Read it at Economonitor | Great Leap Forward
WHY MINSKY MATTERS: Part One
by L. Randall Wray | Professor of Economics, UMKC


6 comments:

Anonymous said...

The essay linked below contains a beautiful, condensed summary of the financial instability hypothesis, the defense of which is the key argument of Minsky's book, Stabilizing and Unstable Economy.

http://www.levyinstitute.org/pubs/wp74.pdf

Minsky argues that a modern capitalist economy with a complex, innovative and profit-seeking banking system is inherently prone to financial instability. Instability is not some exogenous pathology foisted onto capitalist finance by bad and meddling government; it is an inherent dynamic tendency of modern capitalist finance that can only be combated through effective government.

Warren Mosler said...

I believe my statement:

'The private sector is necessarily pro cyclical.'

says much the same thing?

Warren Mosler
www.moslereconomics.com

Warren Mosler said...

Also, MMT was created independently with 'Soft Currency Economics' and those references of Godley, Minsky, and Lerner and many others were subsequently discovered.

Tom Hickey said...

Warren: "''The private sector is necessarily pro cyclical.' says much the same thing?"


I would agree, Warren. Minsky-Wray flesh this out.

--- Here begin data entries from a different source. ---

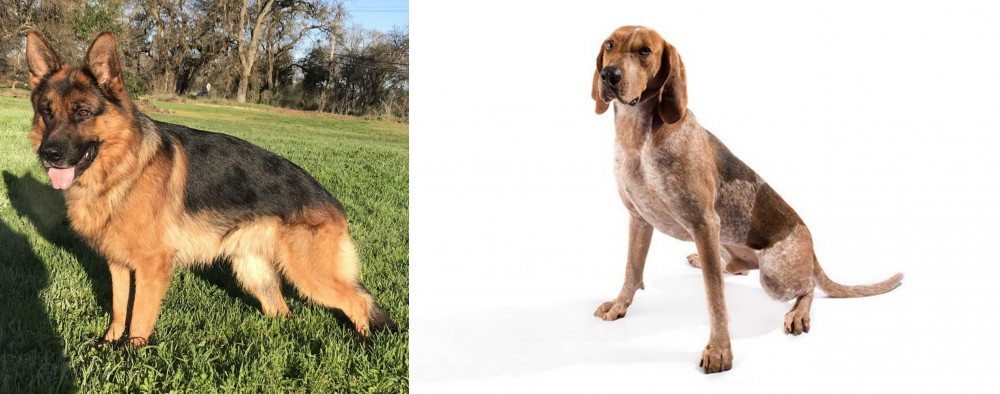 Coonhound vs German Shepherd - Breed Comparison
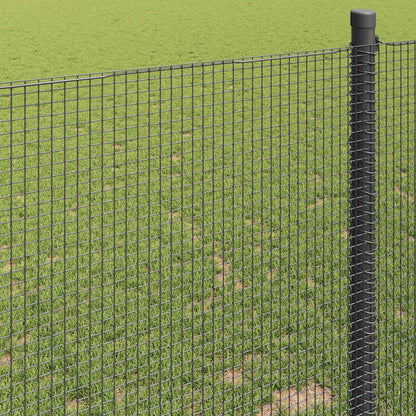 Welded Wire Fence Grey 0.6 x 50 m Steel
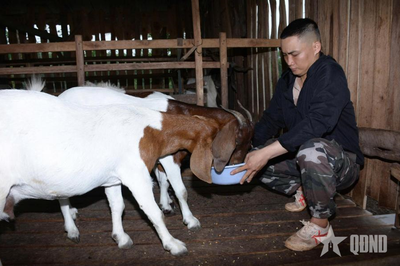 'Triệu phú' nuôi dê ở vùng sâu
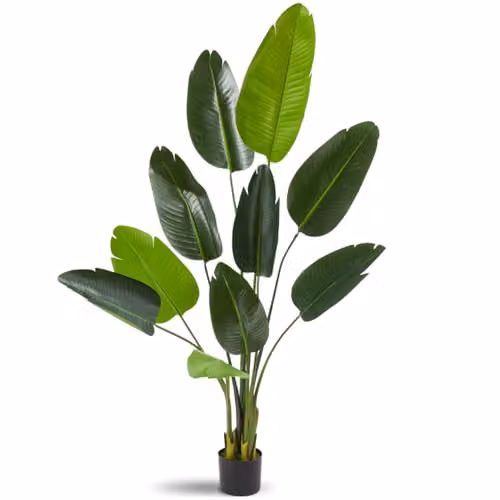 tectake Artificial Bird of Paradise Tree in Green with Detailed Leaves and Bendable Branches, Height: 160 cm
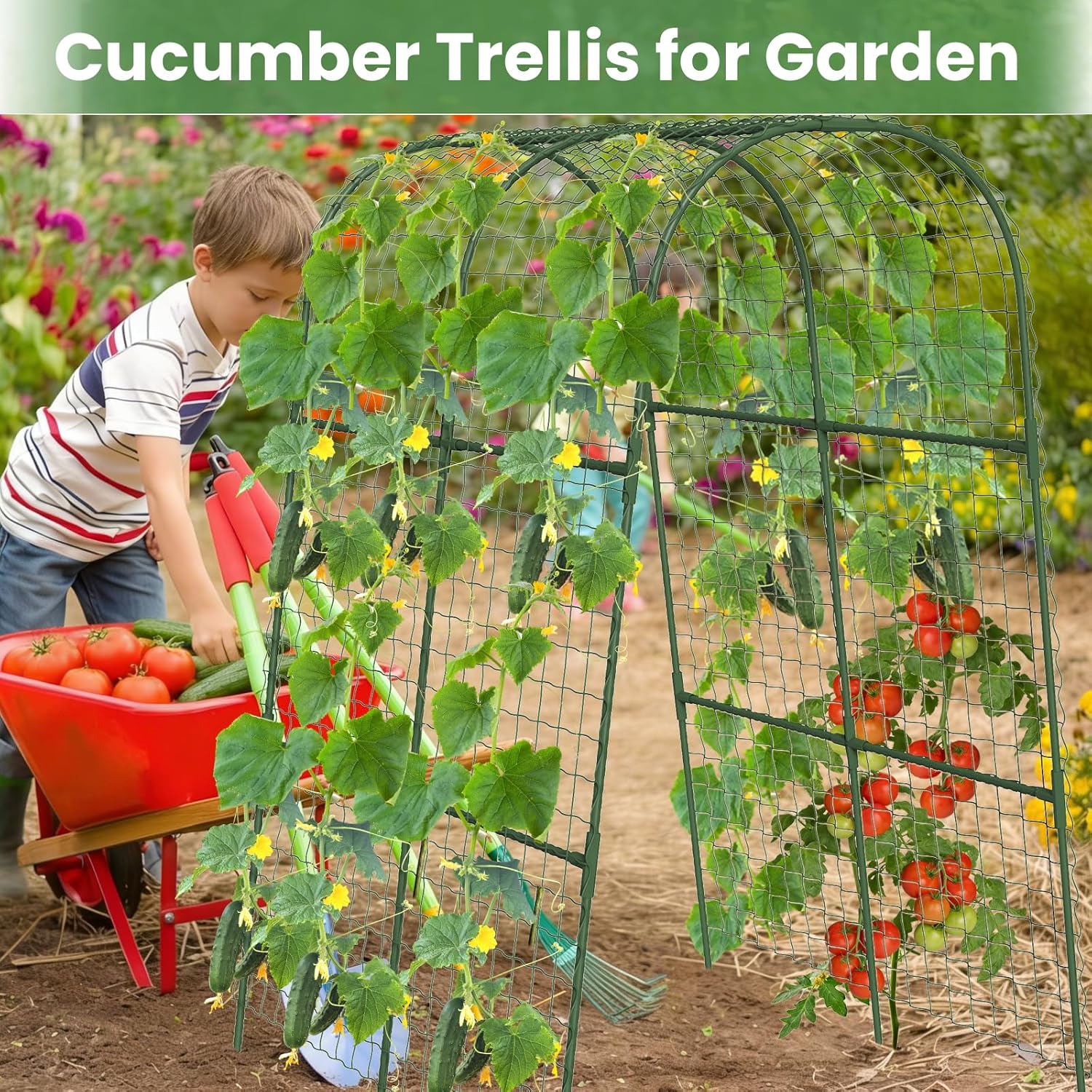 Cucumber Trellis, Metal Garden Arch Trellis for Raised Bed, 32 x 48inch U-Shape Garden Trellis for Climbing Plants Outdoor, Vegetables Fruit Plant Support with Netting, Gardening Supplies (Green)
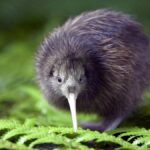 kivi kuşu (kiwi) yeni zelanda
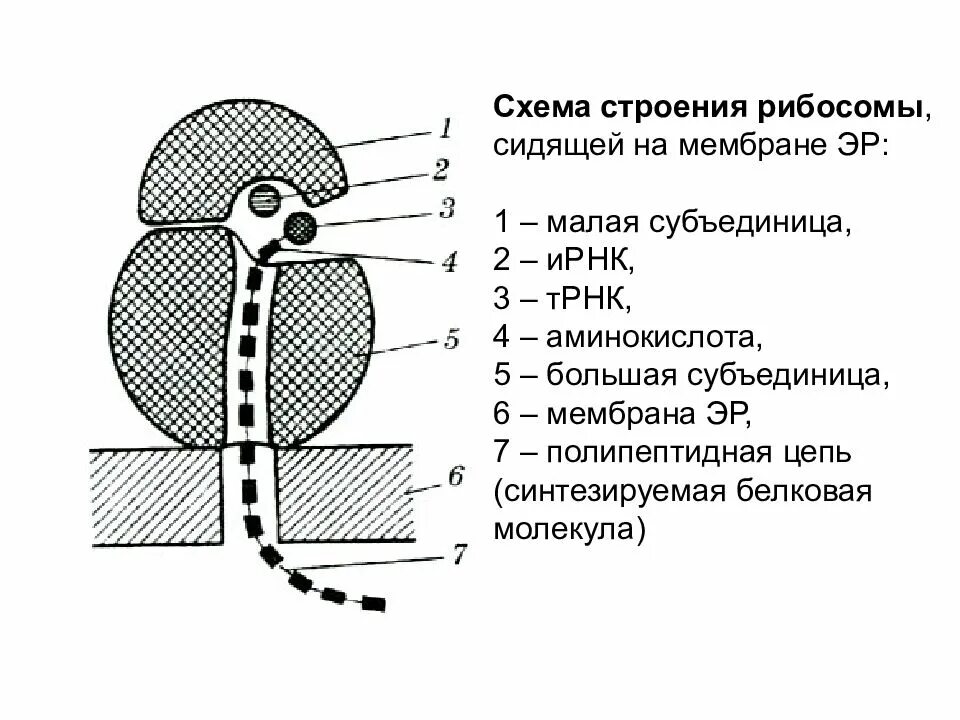 Схема строения b. Строение клеточного рибосомы. строение рибосомы. схема строения рибосомы. строение рибосомы без подписей.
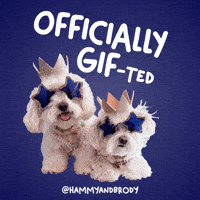 Dogs Maltese GIF by HammyandBrody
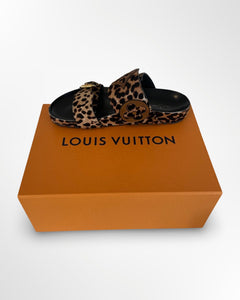 Louis Vuitton | Size 39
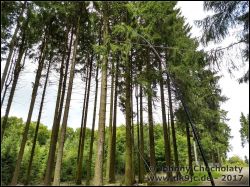 IMG_20170819_134832618_HDR_01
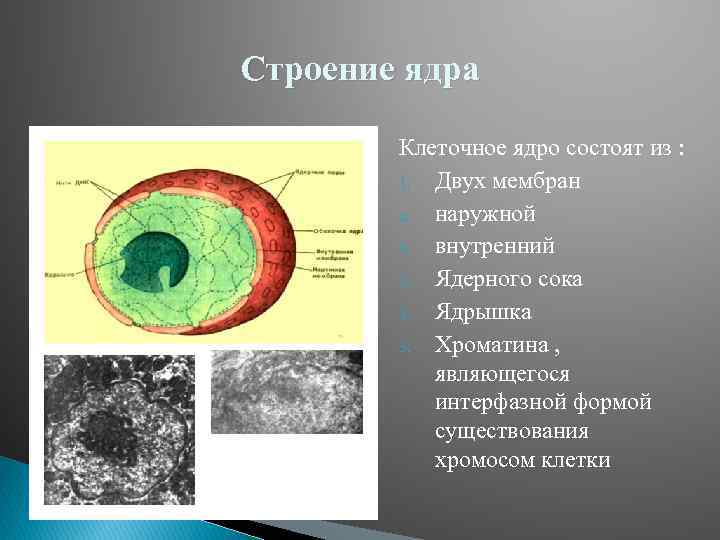 Строение ядра Клеточное ядро состоят из : 1. Двух мембран a. наружной b. внутренний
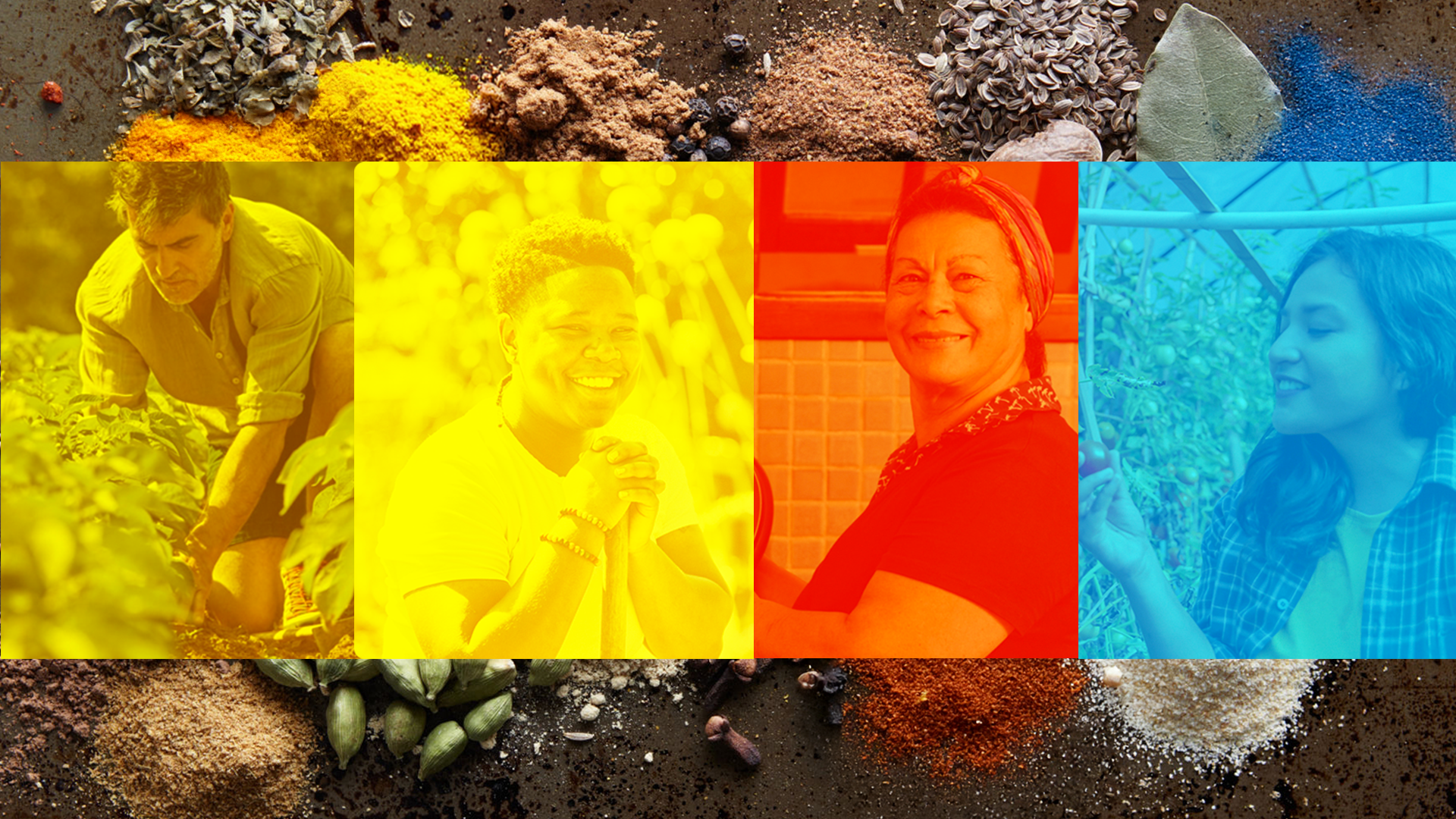 Apresentação Pimenta Coragem: images-10.png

This also accounts for how government needs to be the counter-cyclical counterweight on the scale in order to balance pro-cyclical excess and subsequent correction, in order to keep the scale from tipping so far down that the economy suffers badly and a lot of people get hurt, including innocent bystanders.

Matt Franko said...

Good one: "He (Paul Krugman) starts by saying ”If I decide to cut back on my spending and stash the funds in a bank, which lends them out to someone else…” Well, if he had actually read Minsky, he would understand that this is the description of a loan shark, not a bank."

Resp,

Jonf said...

Warren, You should put your mandatory readings toghether in a book format. Soft Currency Economics is a mighty read all alone. I had to take that one a little at a time and I know I didn't get it all.